--- RECORDS SUPPLIED ---

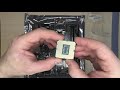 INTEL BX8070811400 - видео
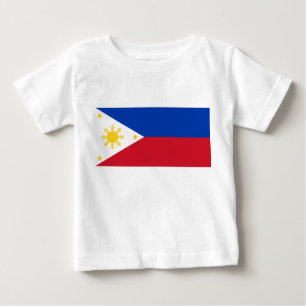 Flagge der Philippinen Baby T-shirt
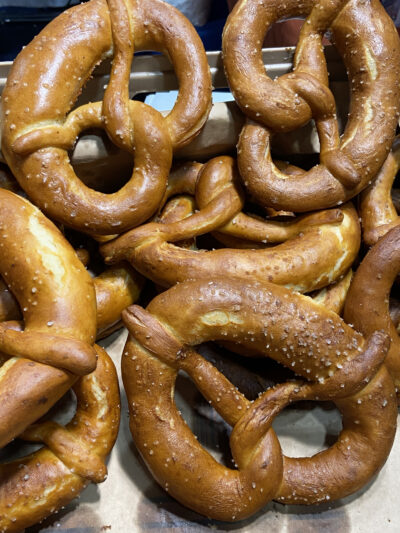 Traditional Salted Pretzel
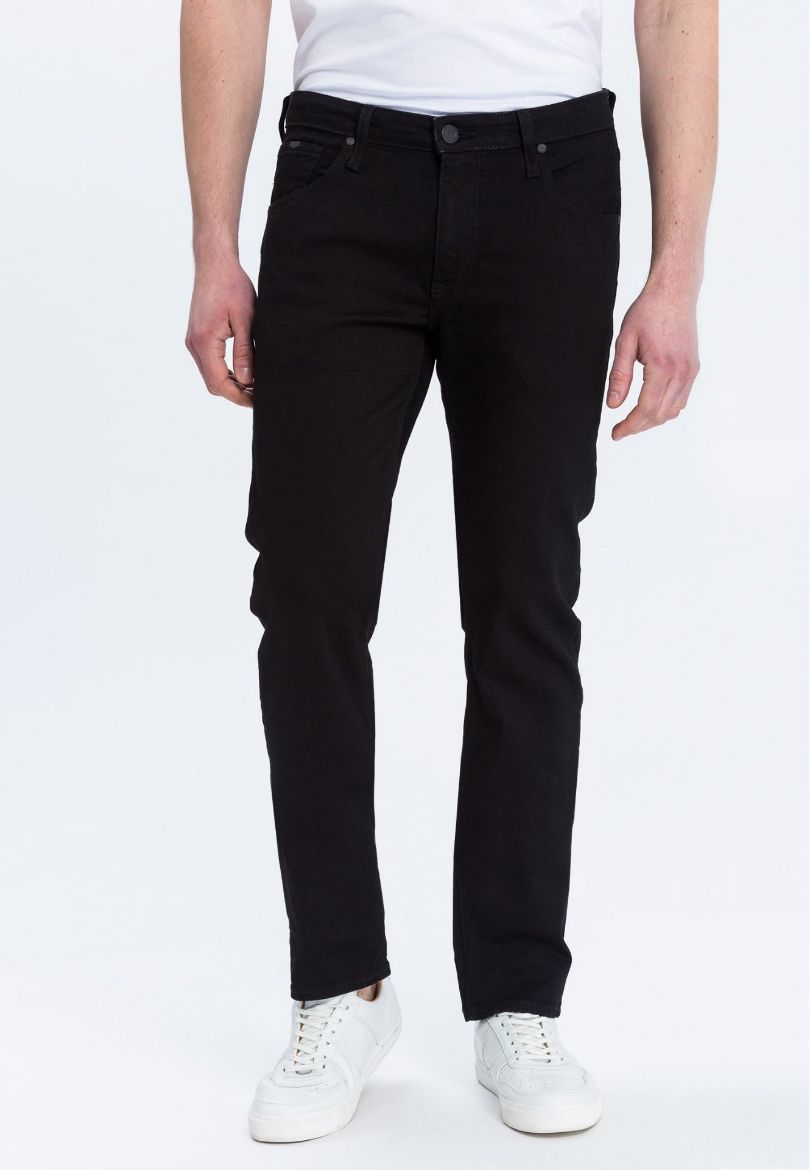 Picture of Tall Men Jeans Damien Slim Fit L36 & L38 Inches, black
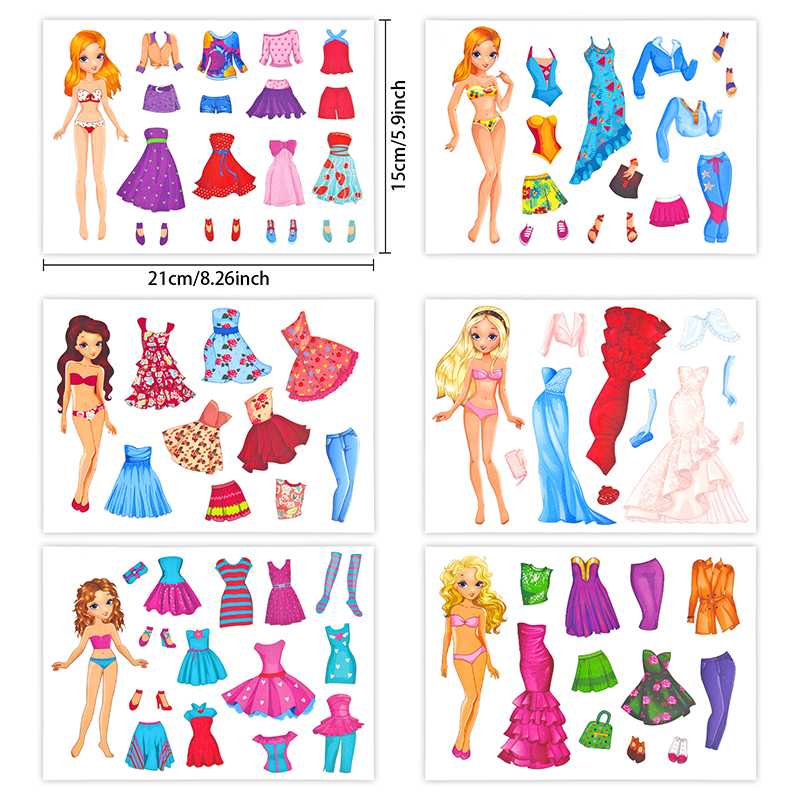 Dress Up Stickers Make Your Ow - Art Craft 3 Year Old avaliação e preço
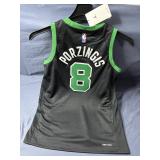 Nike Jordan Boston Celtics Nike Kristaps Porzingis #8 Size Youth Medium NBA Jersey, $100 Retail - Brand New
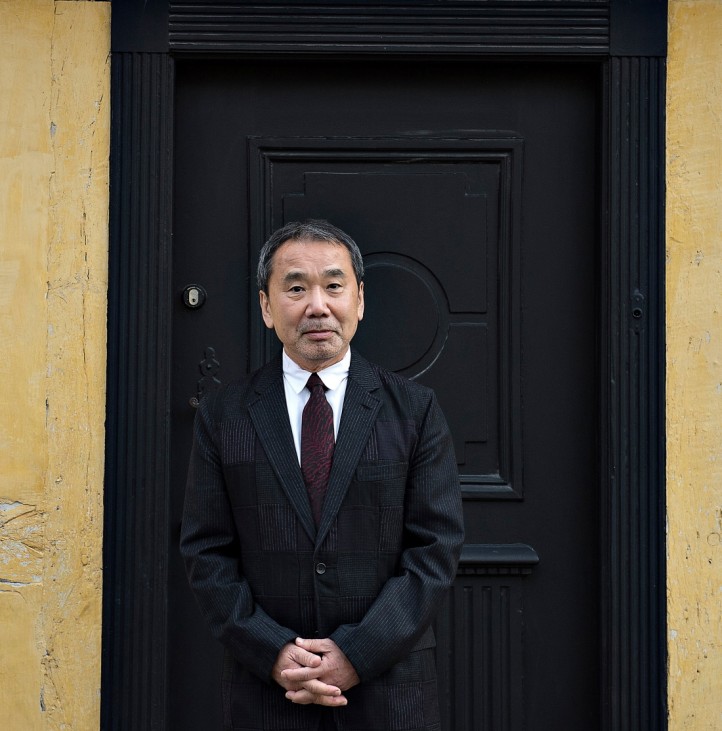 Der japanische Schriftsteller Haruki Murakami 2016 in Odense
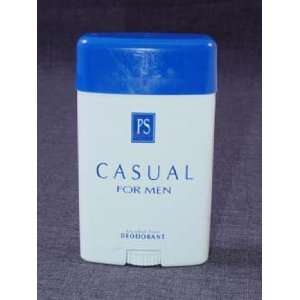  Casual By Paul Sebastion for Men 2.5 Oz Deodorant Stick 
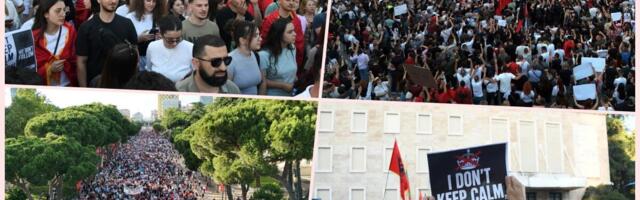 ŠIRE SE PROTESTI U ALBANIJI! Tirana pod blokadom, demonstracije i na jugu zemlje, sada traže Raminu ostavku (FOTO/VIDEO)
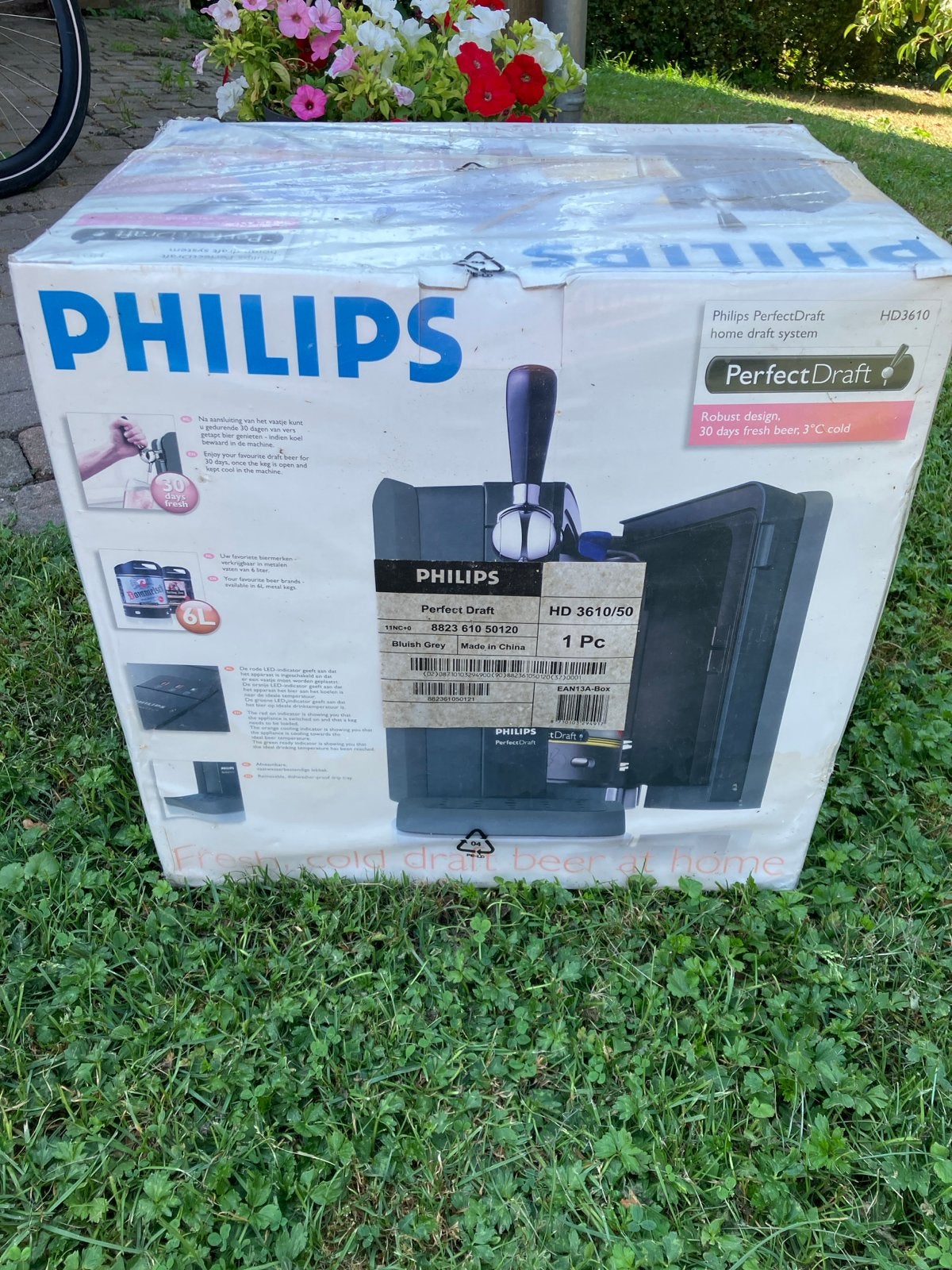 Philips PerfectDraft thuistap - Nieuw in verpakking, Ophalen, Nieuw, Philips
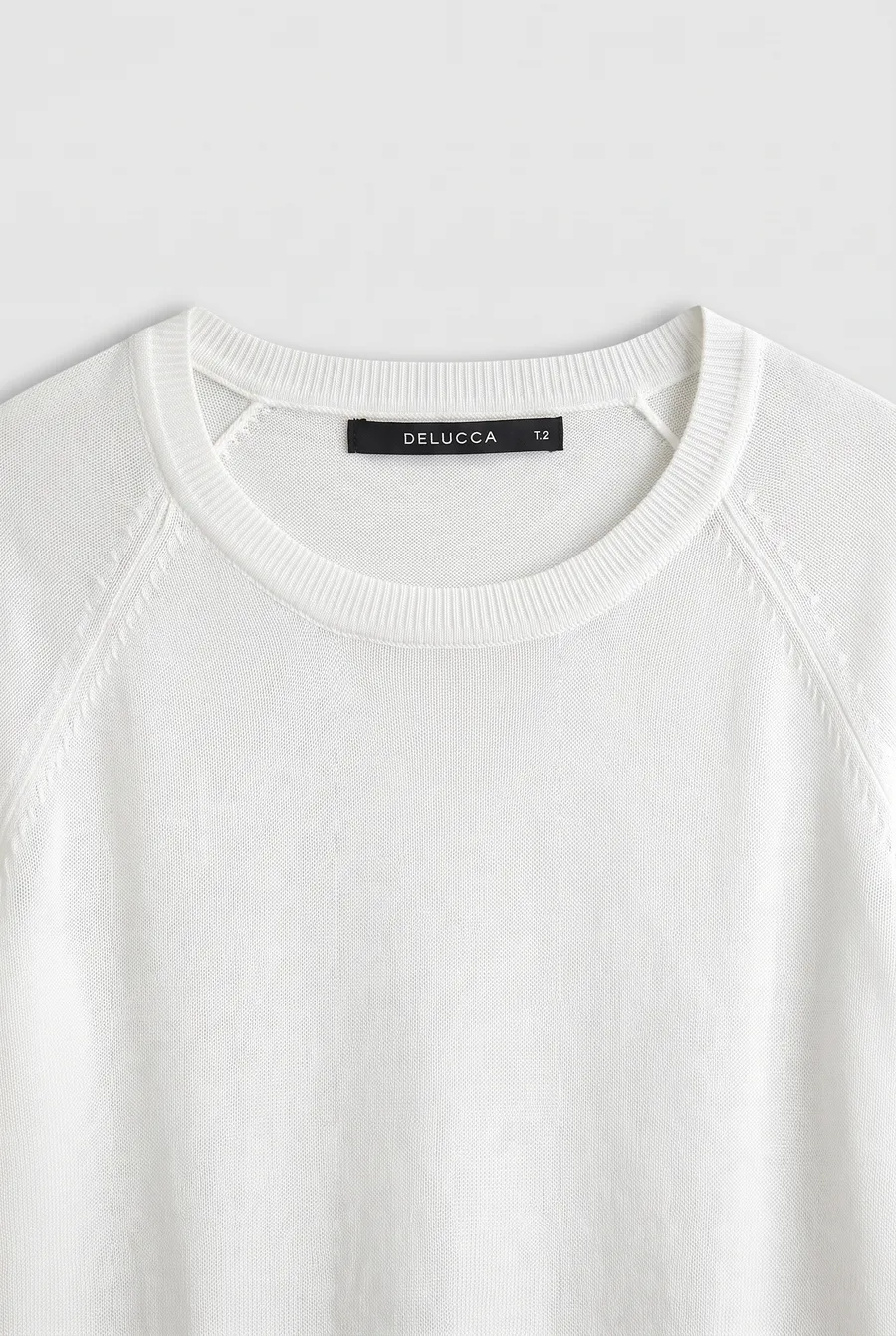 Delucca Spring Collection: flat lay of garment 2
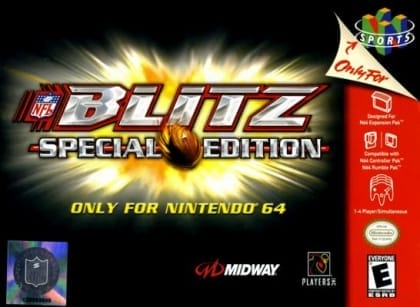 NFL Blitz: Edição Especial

---

• **WORK TASK**:
No images belong in the copy. Transcribe every record exactly.

• **SOLVED PROBLEM**:
 INTEL BX8070811400 - видео
 Flagge der Philippinen Baby T-shirt
 Traditional Salted Pretzel
 Picture of Tall Men Jeans Damien Slim Fit L36 & L38 Inches, black
 Dress Up Stickers Make Your Ow - Art Craft 3 Year Old avaliação e preço
 Nike Jordan Boston Celtics Nike Kristaps Porzingis #8 Size Youth Medium NBA Jersey, $100 Retail - Brand New
 Der japanische Schriftsteller Haruki Murakami 2016 in Odense
  Casual By Paul Sebastion for Men 2.5 Oz Deodorant Stick 
 ŠIRE SE PROTESTI U ALBANIJI! Tirana pod blokadom, demonstracije i na jugu zemlje, sada traže Raminu ostavku (FOTO/VIDEO)
 Philips PerfectDraft thuistap - Nieuw in verpakking, Ophalen, Nieuw, Philips
 Delucca Spring Collection: flat lay of garment 2
 NFL Blitz: Edição Especial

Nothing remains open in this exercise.